Speaker panel discussion highlights the history, status and opportunities related to the historic Columbia River Treaty and its renegotiation. Panelists include Chelan County PUD General Manager Steve Wright, “A River Captured” author Eileen Delahanty Pearkes and John Sirois of the Upper Columbia United Tribes. The program is moderated by Museum board member Sara Rolfs and sponsored by the Wenatchee River Institute and the Cascade Columbia Fisheries Enhancement Group. It is a part of the Wenatchee Valley Environmental Film and Lecture Series.
Each speaker will share their unique perspectives and stories about how the 50-year-old Columbia River Treaty has impacted river communities and offer insights into what an updated, modernized Columbia River Treaty has the potential to create in terms of sustaining and restoring the Columbia River and its people during a time of climate change and uncertainty. The treaty is an agreement established 50 years ago between Canada and the United States to jointly manage hydropower production and flood management.
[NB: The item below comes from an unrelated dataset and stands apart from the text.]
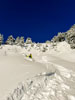 Roggenstock Season Opener
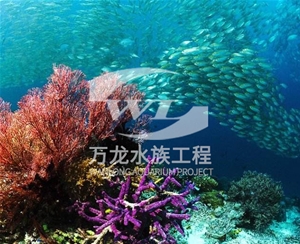 浙江海底景观设计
While this agreement brought important benefits to the Northwest, it also caused catastrophic harm to the river’s health and communities on both sides of the international border.
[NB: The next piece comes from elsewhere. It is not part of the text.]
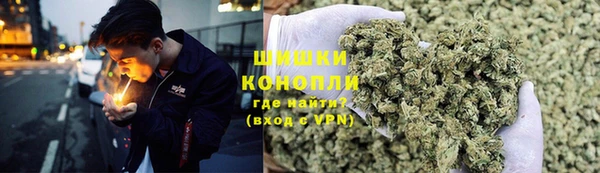 крисы Сатка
The panel discussion is in four parts beginning with Steve Wright’s experiences with the treaty and his ideas for a balanced solution providing broad benefits to the Pacific Northwest. Author Eileen Delahunty Pearkes’ portion of the presentation is titled “Healing the Columbia” and features historical images and details the losses to the river basin as the result of the original treaty. John Sirois shares the historical perspective of the river from a First Nations point of view and talks about the importance of restoring salmon runs above Grand Coulee and Chief Joseph dams. After the three presentations, there will be an opportunity for guests to ask questions of the panel.
Reception starts at 6:30 p.m.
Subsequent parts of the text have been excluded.